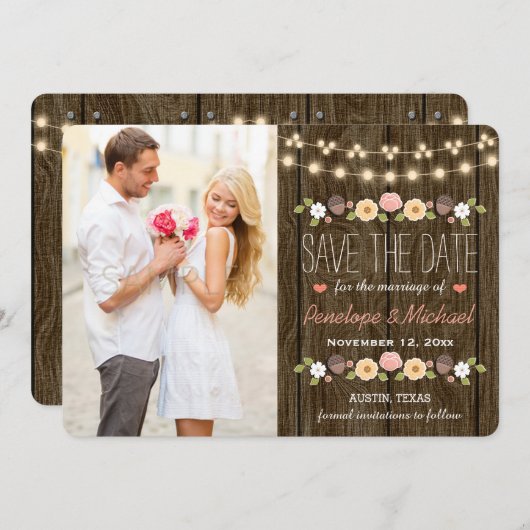 Blush String of Lights Rustic Save the Date Kaart (Voorkant / Achterkant)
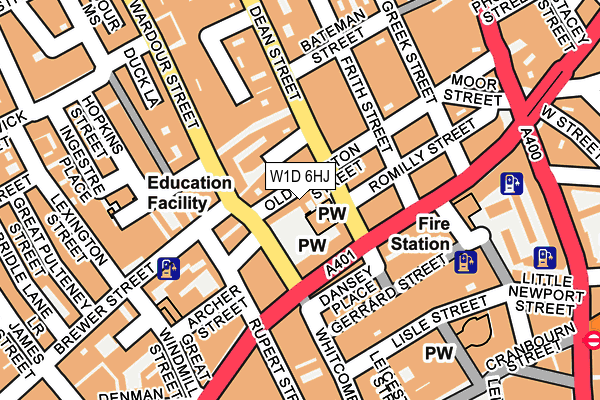 W1D 6HJ map - OS OpenMap – Local (Ordnance Survey)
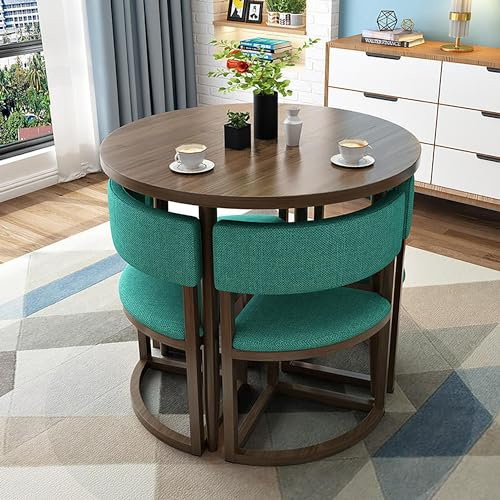 Rundes Konferenztisch- und Stuhl-Set für Verhandlungen, Küche, Esstisch-Set für 4 Personen mit Metallrahmen, 5-teiliges Esszimmer-Set für kleine Räume, Wohnung, Stofffarbe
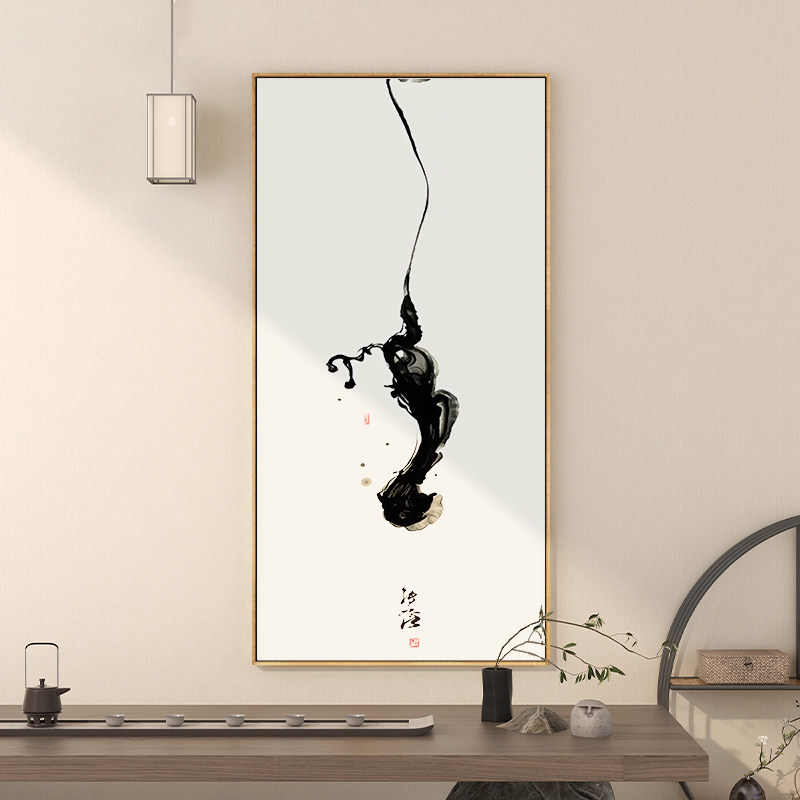 常雾禅意水墨画新中式茶室装饰画入户玄关竖版挂画书房壁画带框画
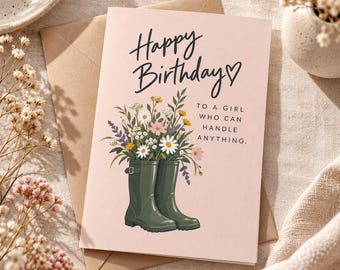 Wildflower Birthday Greeting Card, Garden Boots Postcard for Best Friend, Cottagecore Floral Birthday Card for Sister, Strong Girl Gift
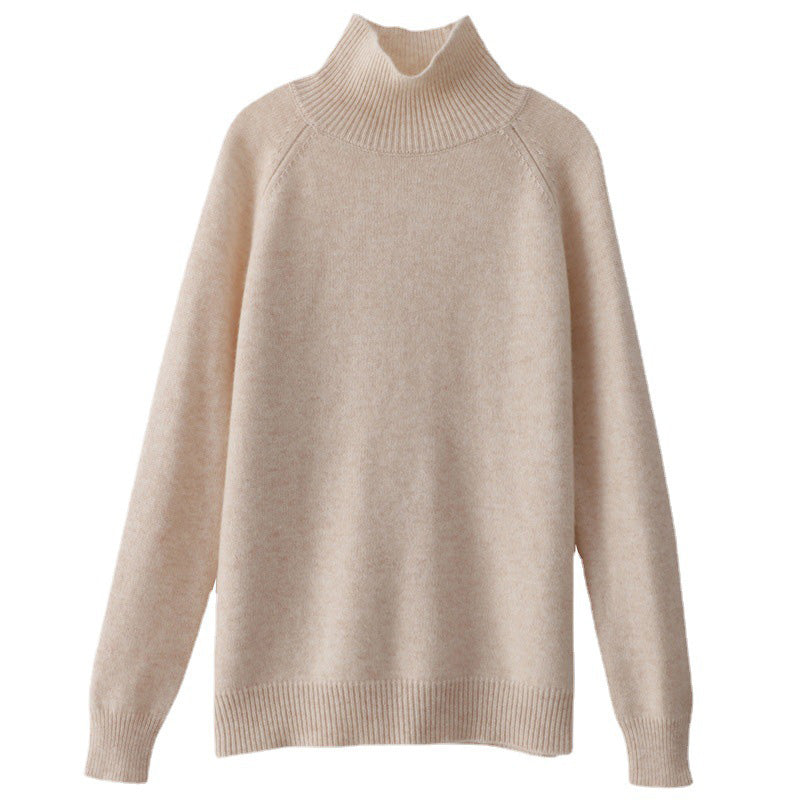 Pull en tricot à col roulé uni pour femmes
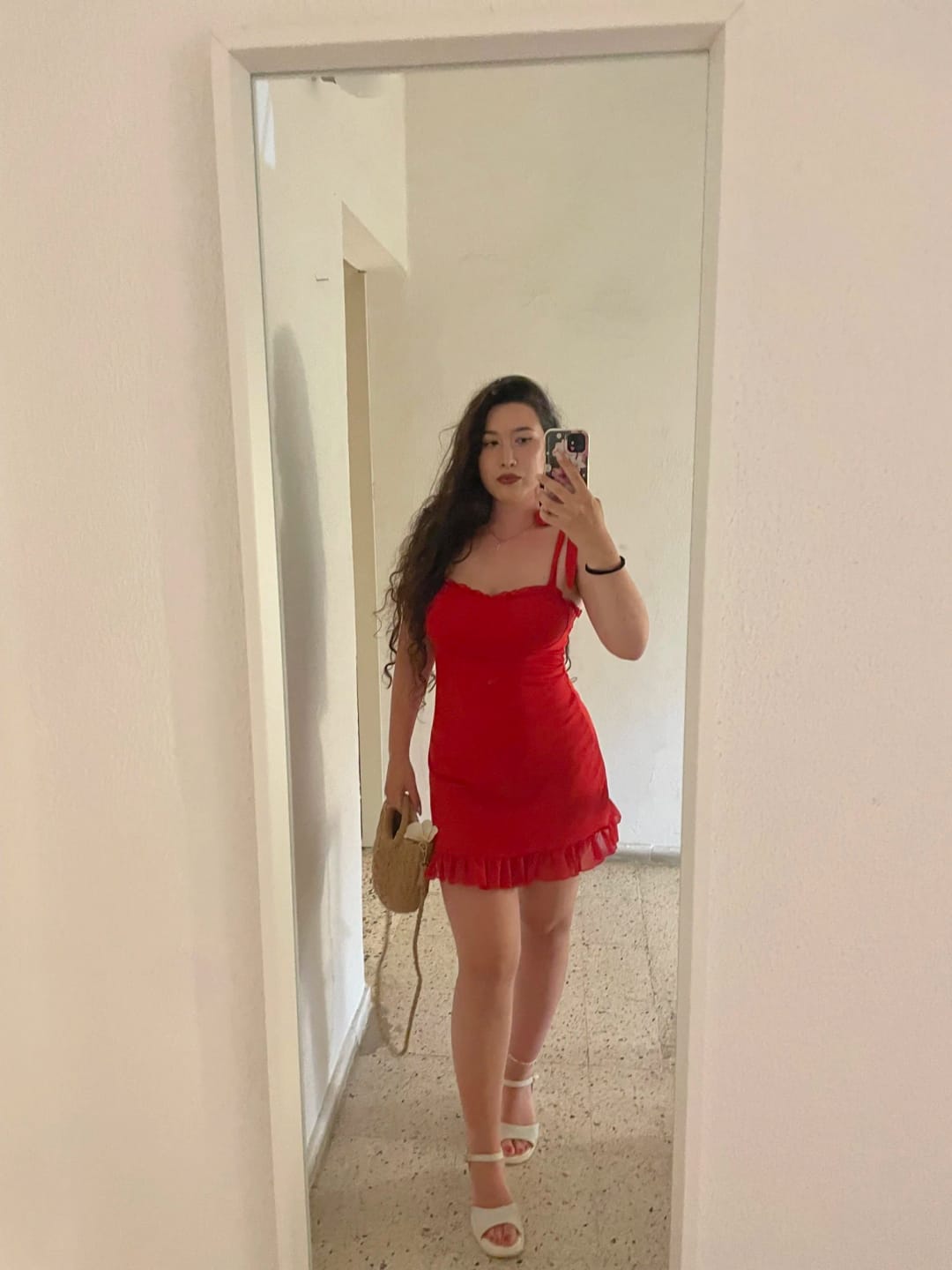 Customer photo review of Robe Clara – Mini robe à volants et col carré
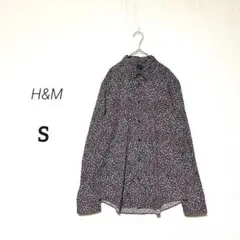 【H&M】美品✨総柄プリント 長袖 シャツ ヴィンテージライク モード 着回し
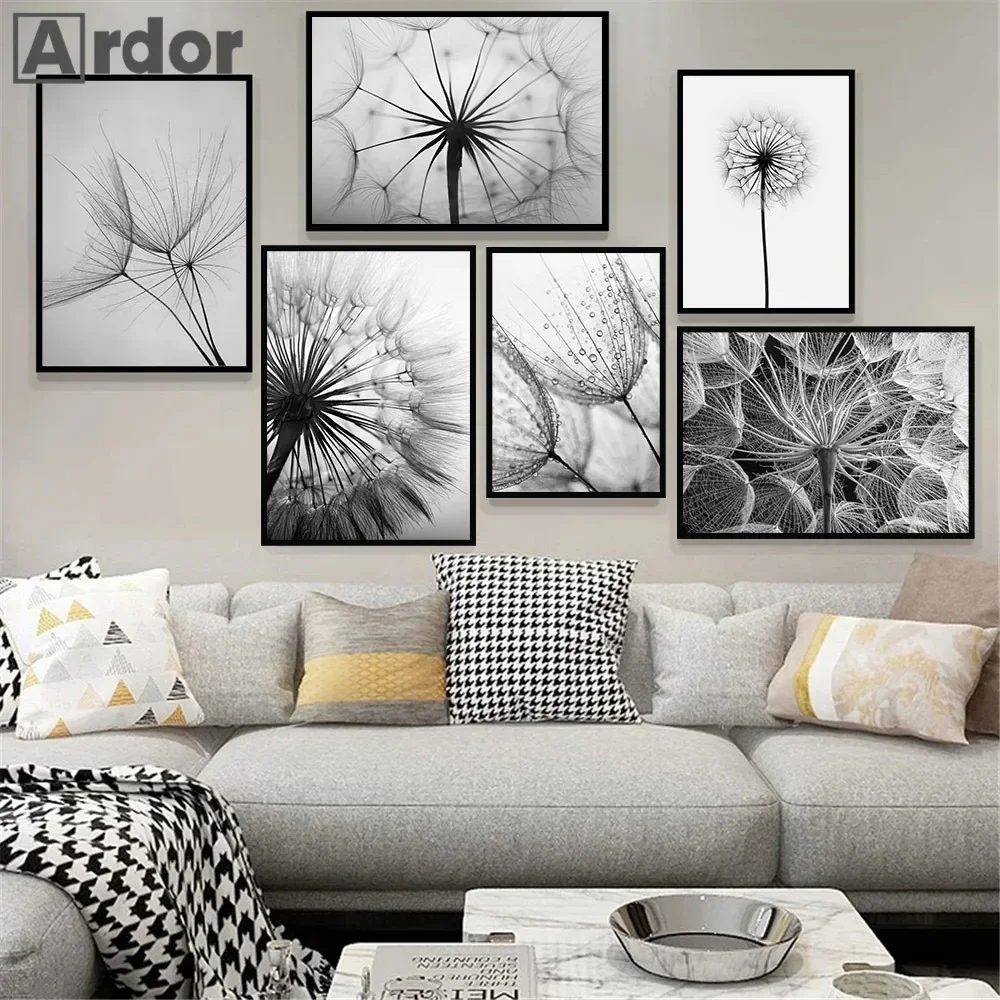 

Abstract Dandelion Canvas Art Painting Plant Black And White Wall Art Print Poster Modern Nordic Wall Pictures Living Room Decor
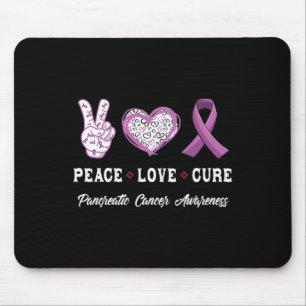 Mousepad O Peace Love cura a consciência do Câncer de pâncr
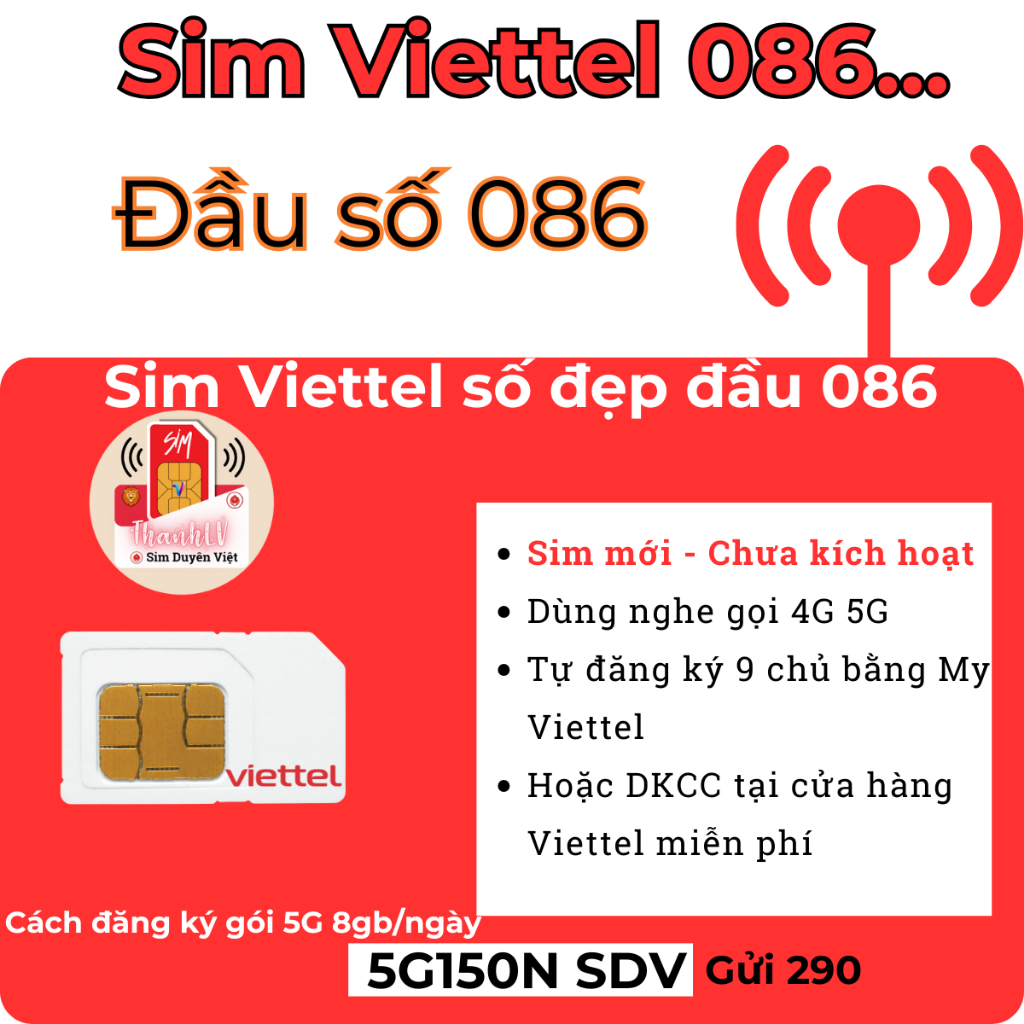 Sim Viettel Đầu Số 086 – SỐ ĐẸP 2 CẶP GÁNH | CHÍNH CHỦ – HỢP PHÁP – ĐĂNG KÝ DỄ DÀNG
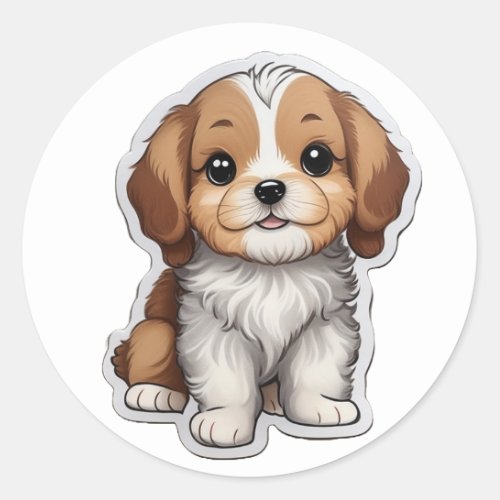 Cute Little Dog  Classic Round Sticker
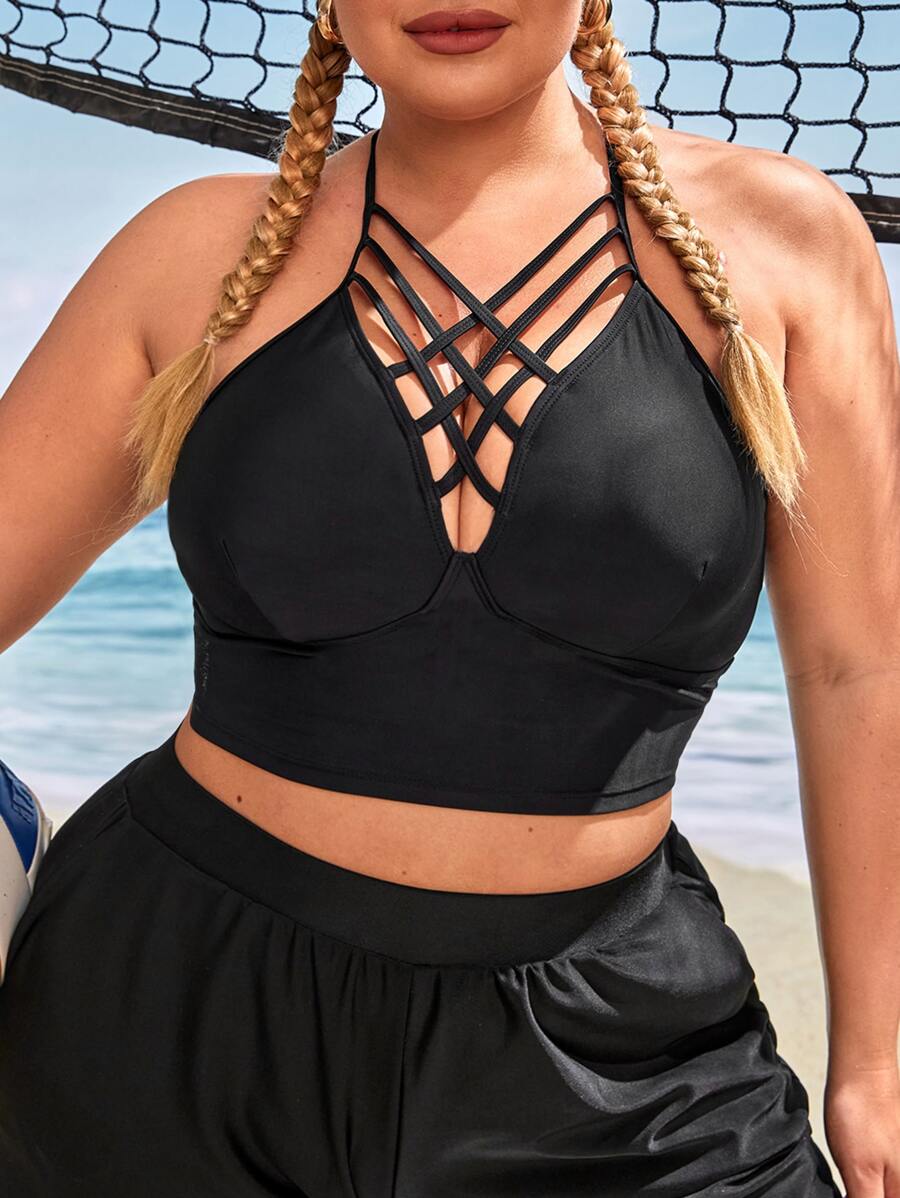 Top bikini con tira cruzada delantera - Negro - Ver 1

TASK: The job here is to write out the records exactly, pictures excluded.

PROBLEM SOLUTION:
 Blush String of Lights Rustic Save the Date Kaart (Voorkant / Achterkant)
 W1D 6HJ map - OS OpenMap – Local (Ordnance Survey)
 Rundes Konferenztisch- und Stuhl-Set für Verhandlungen, Küche, Esstisch-Set für 4 Personen mit Metallrahmen, 5-teiliges Esszimmer-Set für kleine Räume, Wohnung, Stofffarbe
 常雾禅意水墨画新中式茶室装饰画入户玄关竖版挂画书房壁画带框画
 Wildflower Birthday Greeting Card, Garden Boots Postcard for Best Friend, Cottagecore Floral Birthday Card for Sister, Strong Girl Gift
 Pull en tricot à col roulé uni pour femmes
 Customer photo review of Robe Clara – Mini robe à volants et col carré
 【H&M】美品✨総柄プリント 長袖 シャツ ヴィンテージライク モード 着回し

Abstract Dandelion Canvas Art Painting Plant Black And White Wall Art Print Poster Modern Nordic Wall Pictures Living Room Decor
 Mousepad O Peace Love cura a consciência do Câncer de pâncr
 Sim Viettel Đầu Số 086 – SỐ ĐẸP 2 CẶP GÁNH | CHÍNH CHỦ – HỢP PHÁP – ĐĂNG KÝ DỄ DÀNG
 Cute Little Dog  Classic Round Sticker
 Top bikini con tira cruzada delantera - Negro - Ver 1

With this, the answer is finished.